Work to complete – Beneath this task are records; print exactly the stretch of them from the line with "비,비오는날,잎,나뭇잎,장" through the line with "Cardiovascular System", both ends included.

Start of Block

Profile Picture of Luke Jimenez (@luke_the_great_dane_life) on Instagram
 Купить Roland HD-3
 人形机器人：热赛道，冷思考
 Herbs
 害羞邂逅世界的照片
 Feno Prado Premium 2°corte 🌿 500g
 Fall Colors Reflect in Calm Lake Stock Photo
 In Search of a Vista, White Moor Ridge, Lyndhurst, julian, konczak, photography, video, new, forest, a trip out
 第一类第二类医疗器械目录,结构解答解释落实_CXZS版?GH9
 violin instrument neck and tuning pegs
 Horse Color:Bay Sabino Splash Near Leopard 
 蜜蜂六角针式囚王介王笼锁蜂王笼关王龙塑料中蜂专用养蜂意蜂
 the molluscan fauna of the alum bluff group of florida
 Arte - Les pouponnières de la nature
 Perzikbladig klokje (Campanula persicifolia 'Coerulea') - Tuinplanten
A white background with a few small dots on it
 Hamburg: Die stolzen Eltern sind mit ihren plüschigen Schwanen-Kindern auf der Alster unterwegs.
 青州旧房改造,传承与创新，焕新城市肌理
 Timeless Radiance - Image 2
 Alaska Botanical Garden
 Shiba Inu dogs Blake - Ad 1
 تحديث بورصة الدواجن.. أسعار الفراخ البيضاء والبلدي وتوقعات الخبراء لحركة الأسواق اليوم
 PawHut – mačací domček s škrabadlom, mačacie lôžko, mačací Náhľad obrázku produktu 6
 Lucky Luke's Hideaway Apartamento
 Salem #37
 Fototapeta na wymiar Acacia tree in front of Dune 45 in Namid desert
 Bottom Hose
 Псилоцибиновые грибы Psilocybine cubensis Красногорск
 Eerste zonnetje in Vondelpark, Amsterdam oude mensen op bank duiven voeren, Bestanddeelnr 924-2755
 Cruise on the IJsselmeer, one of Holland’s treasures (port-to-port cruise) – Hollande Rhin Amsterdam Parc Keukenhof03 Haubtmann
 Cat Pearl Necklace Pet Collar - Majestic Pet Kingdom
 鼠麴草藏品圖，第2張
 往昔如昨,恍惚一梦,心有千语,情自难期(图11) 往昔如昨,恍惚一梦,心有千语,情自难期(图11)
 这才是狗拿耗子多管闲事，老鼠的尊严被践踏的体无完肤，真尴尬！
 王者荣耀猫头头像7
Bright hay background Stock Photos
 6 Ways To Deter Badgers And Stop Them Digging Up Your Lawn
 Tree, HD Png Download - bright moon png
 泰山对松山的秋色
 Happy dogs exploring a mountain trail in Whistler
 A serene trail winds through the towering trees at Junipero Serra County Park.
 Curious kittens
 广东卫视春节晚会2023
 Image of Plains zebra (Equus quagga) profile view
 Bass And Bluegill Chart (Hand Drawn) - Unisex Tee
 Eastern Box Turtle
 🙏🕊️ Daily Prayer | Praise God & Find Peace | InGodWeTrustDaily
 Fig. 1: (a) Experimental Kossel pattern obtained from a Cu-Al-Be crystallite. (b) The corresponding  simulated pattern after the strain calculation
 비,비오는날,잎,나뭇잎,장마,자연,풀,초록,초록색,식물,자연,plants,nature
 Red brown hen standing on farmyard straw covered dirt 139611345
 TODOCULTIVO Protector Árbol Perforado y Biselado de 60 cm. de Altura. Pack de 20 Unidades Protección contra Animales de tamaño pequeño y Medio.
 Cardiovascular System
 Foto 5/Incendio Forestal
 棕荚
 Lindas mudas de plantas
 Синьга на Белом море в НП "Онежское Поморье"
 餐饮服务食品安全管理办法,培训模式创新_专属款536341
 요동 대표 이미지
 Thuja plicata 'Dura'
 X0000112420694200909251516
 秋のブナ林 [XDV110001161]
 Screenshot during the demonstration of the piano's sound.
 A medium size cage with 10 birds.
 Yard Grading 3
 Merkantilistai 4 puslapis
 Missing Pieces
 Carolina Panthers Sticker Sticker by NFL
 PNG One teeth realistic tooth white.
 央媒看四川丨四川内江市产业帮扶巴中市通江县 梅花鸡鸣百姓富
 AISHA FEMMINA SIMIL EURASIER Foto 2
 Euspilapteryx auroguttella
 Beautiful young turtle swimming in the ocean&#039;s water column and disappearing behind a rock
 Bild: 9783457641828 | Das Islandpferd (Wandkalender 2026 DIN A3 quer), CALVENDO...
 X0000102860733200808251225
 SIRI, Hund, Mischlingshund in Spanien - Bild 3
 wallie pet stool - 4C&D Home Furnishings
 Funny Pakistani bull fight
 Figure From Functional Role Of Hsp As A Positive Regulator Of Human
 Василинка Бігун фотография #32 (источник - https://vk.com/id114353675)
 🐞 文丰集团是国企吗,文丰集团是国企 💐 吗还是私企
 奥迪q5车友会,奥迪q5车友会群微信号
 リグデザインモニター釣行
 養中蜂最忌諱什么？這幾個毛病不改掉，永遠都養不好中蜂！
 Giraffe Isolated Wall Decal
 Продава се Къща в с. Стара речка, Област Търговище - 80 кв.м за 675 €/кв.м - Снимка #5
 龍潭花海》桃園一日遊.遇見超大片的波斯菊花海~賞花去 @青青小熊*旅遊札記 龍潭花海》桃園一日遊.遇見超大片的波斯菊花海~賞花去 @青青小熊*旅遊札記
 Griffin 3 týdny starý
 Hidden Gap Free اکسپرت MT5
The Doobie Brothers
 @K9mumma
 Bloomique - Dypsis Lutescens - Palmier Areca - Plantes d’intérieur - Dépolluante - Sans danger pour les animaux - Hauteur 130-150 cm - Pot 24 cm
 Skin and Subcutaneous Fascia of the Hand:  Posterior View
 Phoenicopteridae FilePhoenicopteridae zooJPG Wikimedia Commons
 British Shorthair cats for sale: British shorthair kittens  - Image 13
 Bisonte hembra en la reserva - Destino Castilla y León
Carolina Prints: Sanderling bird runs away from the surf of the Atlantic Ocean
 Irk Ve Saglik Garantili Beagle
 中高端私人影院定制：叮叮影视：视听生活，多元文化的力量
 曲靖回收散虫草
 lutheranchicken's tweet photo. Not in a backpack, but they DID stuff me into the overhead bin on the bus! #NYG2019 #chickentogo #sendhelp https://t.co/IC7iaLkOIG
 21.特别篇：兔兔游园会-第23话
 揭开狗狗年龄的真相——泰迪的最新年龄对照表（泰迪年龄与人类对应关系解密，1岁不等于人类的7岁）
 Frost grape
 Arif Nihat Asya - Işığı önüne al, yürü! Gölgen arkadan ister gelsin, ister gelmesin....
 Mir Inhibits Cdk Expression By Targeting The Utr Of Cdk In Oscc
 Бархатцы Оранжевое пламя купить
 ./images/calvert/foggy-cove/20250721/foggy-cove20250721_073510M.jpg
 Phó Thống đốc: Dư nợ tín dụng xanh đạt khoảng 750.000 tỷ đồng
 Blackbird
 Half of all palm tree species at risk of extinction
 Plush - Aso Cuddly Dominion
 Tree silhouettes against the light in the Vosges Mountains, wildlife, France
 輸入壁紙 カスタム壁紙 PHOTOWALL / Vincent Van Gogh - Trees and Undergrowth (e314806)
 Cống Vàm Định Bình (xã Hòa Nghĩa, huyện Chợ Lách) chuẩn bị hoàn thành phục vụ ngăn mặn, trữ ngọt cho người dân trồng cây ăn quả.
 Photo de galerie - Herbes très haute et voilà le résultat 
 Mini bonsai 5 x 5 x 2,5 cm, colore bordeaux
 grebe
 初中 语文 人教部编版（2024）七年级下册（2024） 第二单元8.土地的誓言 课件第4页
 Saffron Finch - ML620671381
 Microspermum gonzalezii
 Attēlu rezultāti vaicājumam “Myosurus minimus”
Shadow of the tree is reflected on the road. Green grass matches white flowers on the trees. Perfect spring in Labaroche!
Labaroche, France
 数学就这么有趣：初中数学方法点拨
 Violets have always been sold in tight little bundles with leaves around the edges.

End of Block

Your response –
 비,비오는날,잎,나뭇잎,장마,자연,풀,초록,초록색,식물,자연,plants,nature
 Red brown hen standing on farmyard straw covered dirt 139611345
 TODOCULTIVO Protector Árbol Perforado y Biselado de 60 cm. de Altura. Pack de 20 Unidades Protección contra Animales de tamaño pequeño y Medio.
 Cardiovascular System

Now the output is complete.